AWS Solutions Architect Associate (SAA) 2018 - I

En este post dejaré algunas notas que tomé para poder estudiar para el AWS SASS. Utilizo Evernote para guardar notas pero con el paso del tiempo he decidido retomar el blog ya que es una mejor manera de tener mis notas actualizadas. Actualizaré el post poco a poco. Las notas serán en inglés porque así es como hice el curso.

Las definiciones de los diferentes servicios las tomo de o bien la documentación de AWS o bien de los comentarios del instructor del curso que hice. Topics covered:

AWS S3

A default of up to 100 buckets for new accounts
Files from 0 bytes to 5 TB
Unlimited storage
Files stored in buckets(buckets are similar to a “folder”)
Unique names
When you upload filed to S3 you will receive an HTTP 200 code
Supports Versioning
Supports Encryption
Lifecycle Management
Secure your data – ACL

AWS S3 DATA CONSISTENCY

Read after write consistency, for PUTS new objects. You are able to read a new file in S3 after the upload
Eventual consistency for overwrites PUTS and DELETES, can take some time to propagate

AWS Naming

Amazon S3 virtual hosted style URLs follow the format shown below.

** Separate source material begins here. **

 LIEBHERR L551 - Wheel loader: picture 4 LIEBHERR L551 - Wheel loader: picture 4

https://bucket-name.s3.region.amazonaws.com

If my bucket name is “ruben” and the region is Ireland will be

https://ruben.s3.eu-west-1.amazonaws.com

the path style, an old format which is DEPRECATED is like so

https://s3.eu-west-1.amazonaws.com/ruben/key

S3 buckets are globally named, but still stored within a region of your choosing which can affect things such as latency for accessing the bucket. S3 buckets can still be accessed from different regions in some cases. The main thing to note is that there are a few different ways to access an S3 bucket, some of which specify the region, and some do not .

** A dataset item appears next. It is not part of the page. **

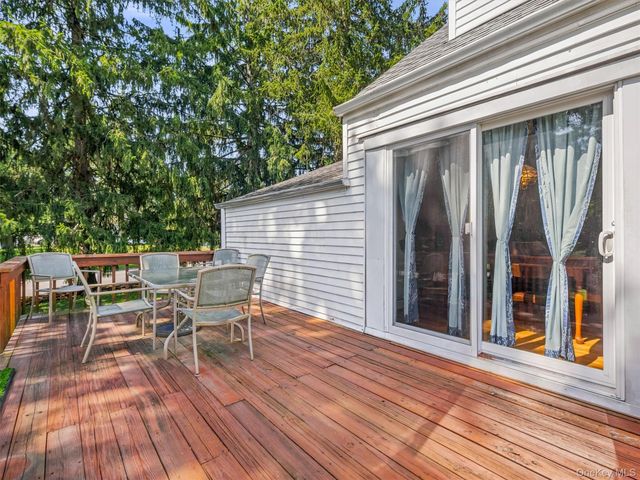 11 Hollow Drive, New City, NY 10956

S3 is object-based. Objects consist of the following:

Key, name of the object
Value, the data
Version ID, important for the versioning of the object
Metadata
Subresources
- bucket policies
- access control list (ACL)
- Cross-Origin Resource

TIPS VERSIONING CROSS REPLICATION

Versioning must be enabled on both the source and destination
Regions must be unique
Files in an existing bucket are not replicated automatically.
You cannot replicate to multiple buckets
Delete markers are replicated
Deleting individual versions or delete markers will not be replicated
haring (CORS)

AWS S3 Storage class tier and availability

S3

First 50 TB 0,023 $
AWS S3 was built to deliver 99.99% availability
Guarantee 99.9% availability
Guarantee 99.999999999% durability of S3 object (11 x 9)
Store redundantly across multiple devices in multiple facilities
Designed to sustain the loss of two facilities concurrently
More cost-effective than using S3 RRS

S3 Intelligent Tier

Designed to cost optimize through automatic migration of data to the most economic S3 tier without affecting performance.
S3 will store the same object in different classes, one for frequent access and another for infrequent access.
You will pay a small fee for object monitorization and automation per object.
S3 will move automatically objects without access in 30 days.
Is the ideal class of storage for long-term data with an unpredictable pattern of access.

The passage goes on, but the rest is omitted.